# YOUR OBJECTIVE
The data that follows must be transcribed in full and exactly, minus the pictures.

===============

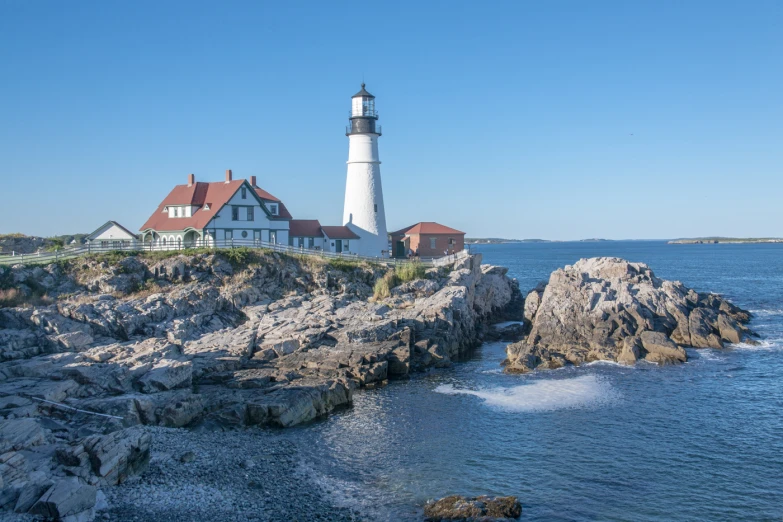 a lighthouse stands on top of an rocky outcropping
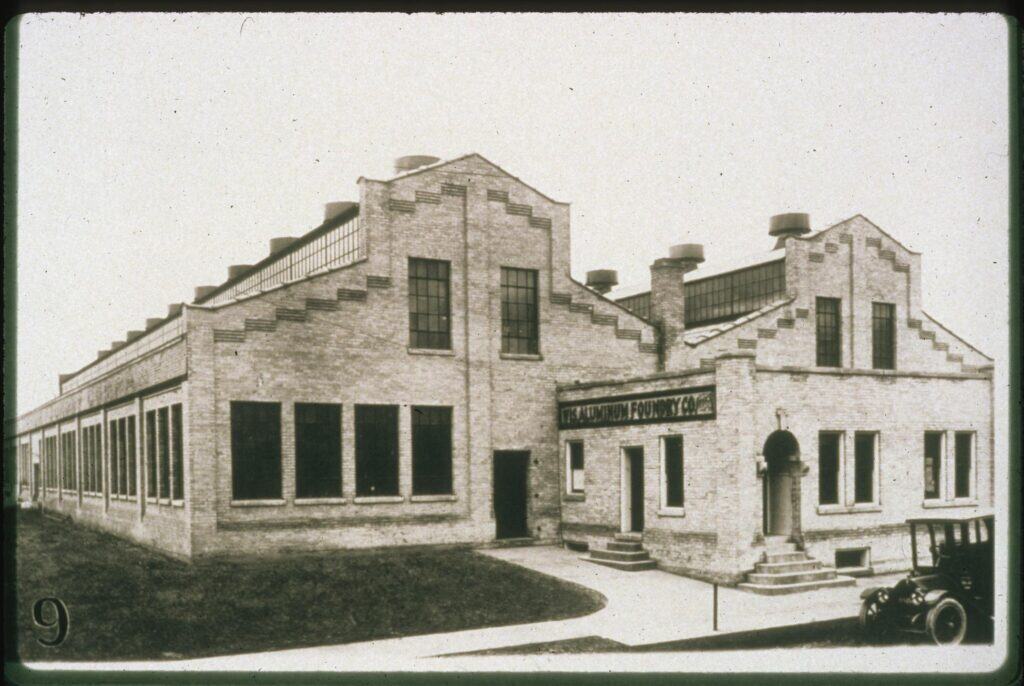 Historical photo of the original Wisconsin Aluminum Foundry brick building.
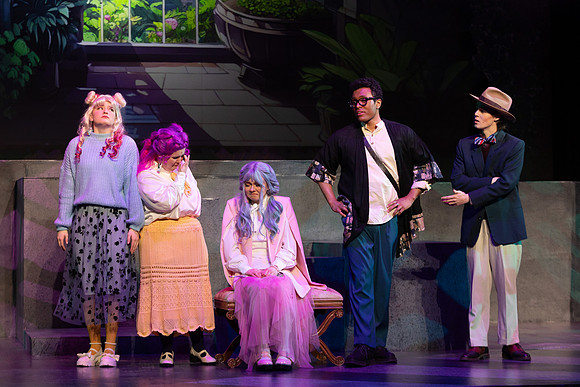 Students performing in the play The Mikado.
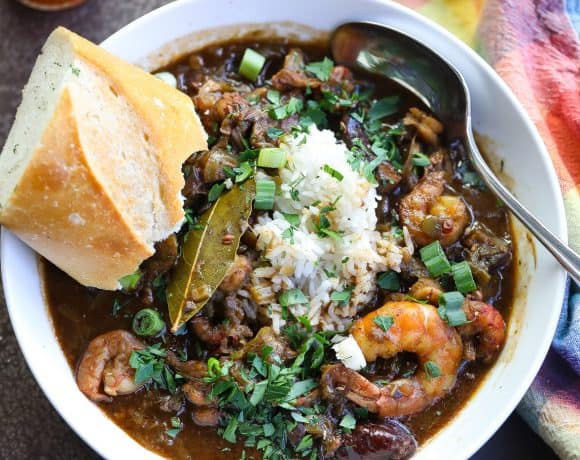 gumbo with rice and seafood in a white bowl
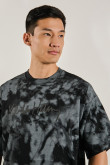 Camiseta negra tie dye oversize con diseño de Keith Haring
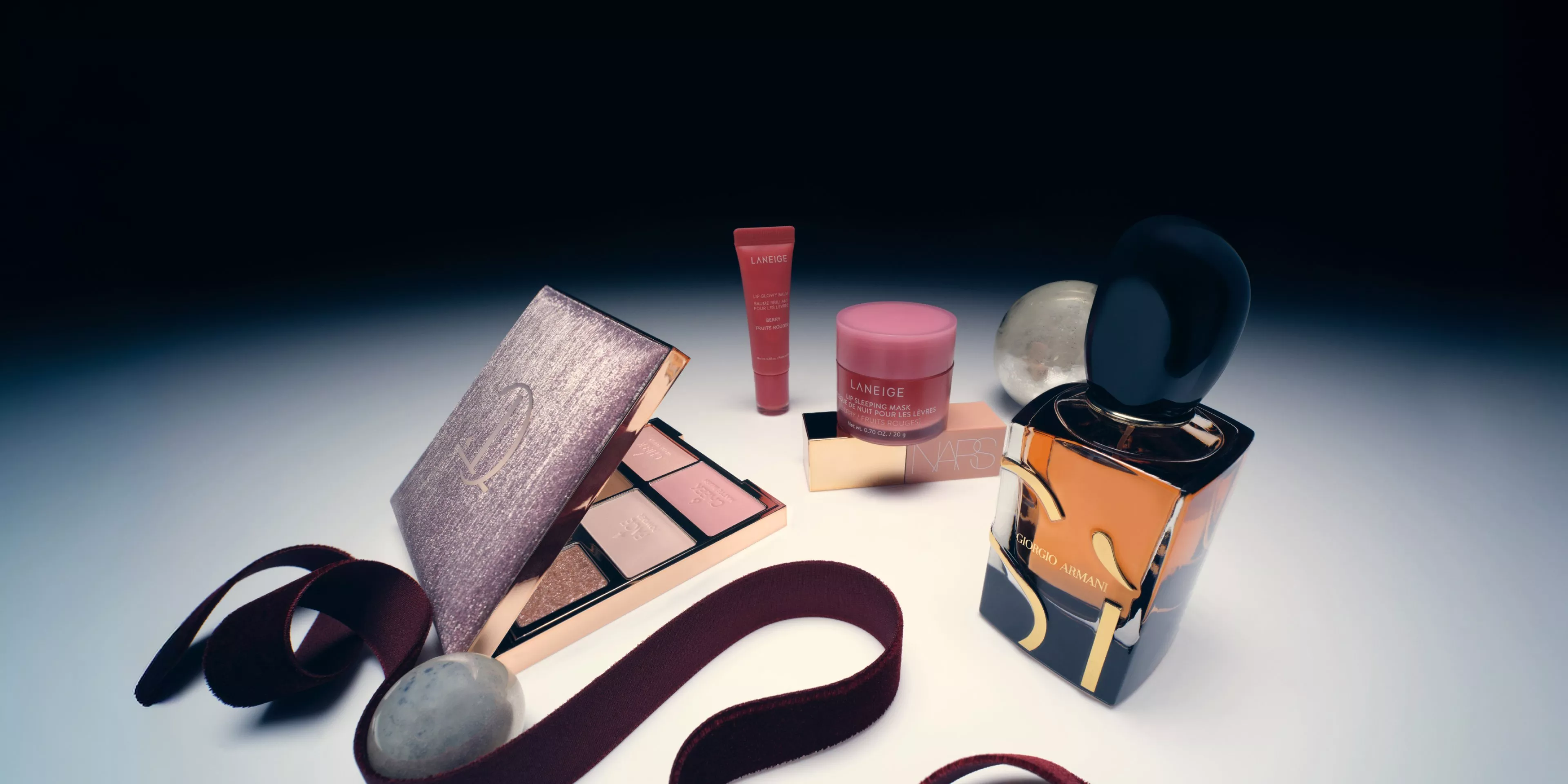 selection of beauty products in a spotlight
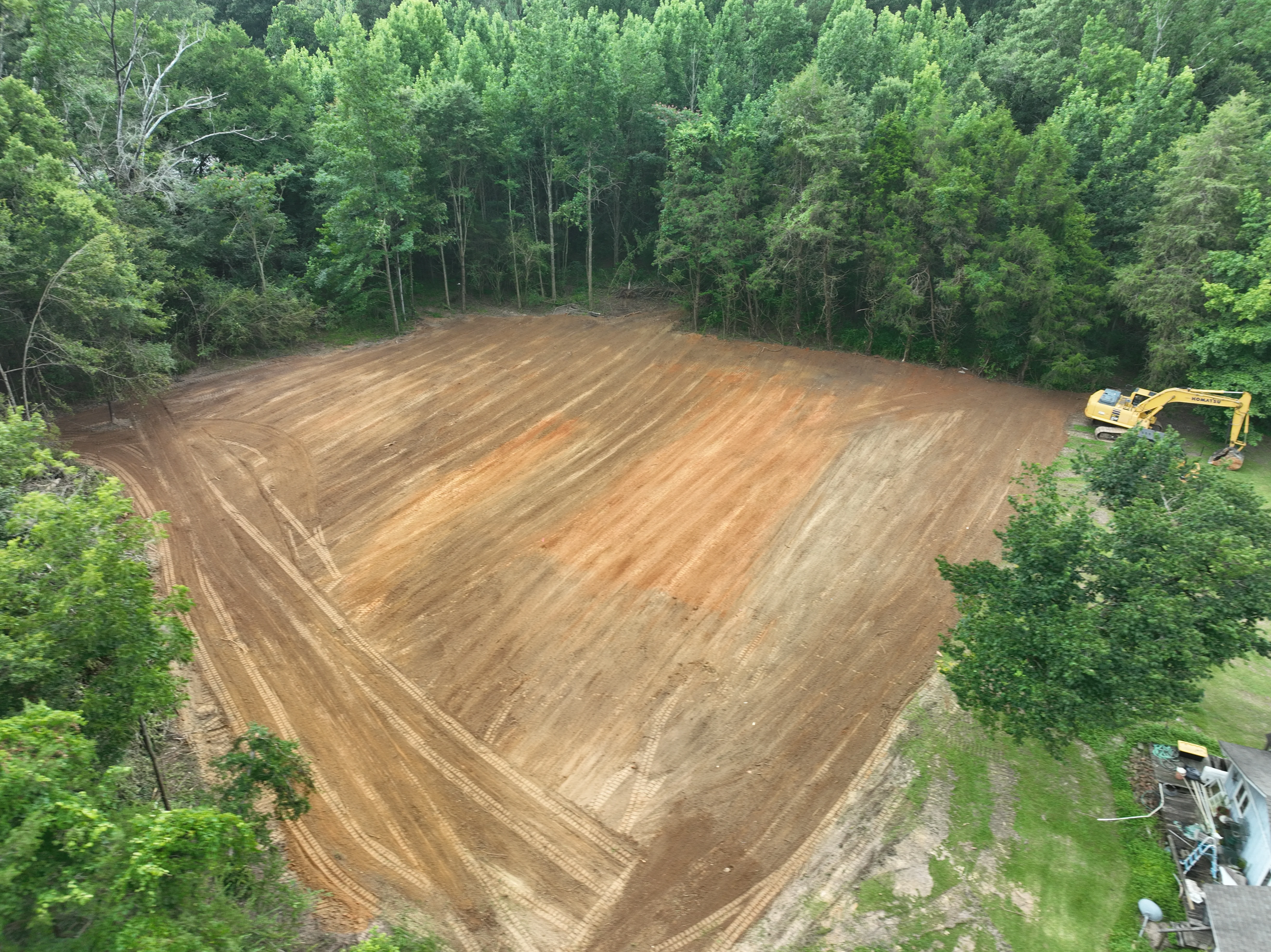 Aerial view of cleared wooded lot with excavator and graded brown soil surrounded by green forest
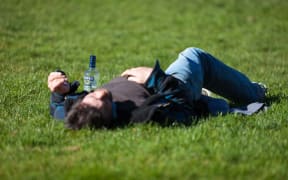 man lying in field with vodka bottle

===============

# TASK OUTPUT
 a lighthouse stands on top of an rocky outcropping
 Historical photo of the original Wisconsin Aluminum Foundry brick building.
 Students performing in the play The Mikado.
 gumbo with rice and seafood in a white bowl
 Camiseta negra tie dye oversize con diseño de Keith Haring
 selection of beauty products in a spotlight
 Aerial view of cleared wooded lot with excavator and graded brown soil surrounded by green forest
 man lying in field with vodka bottle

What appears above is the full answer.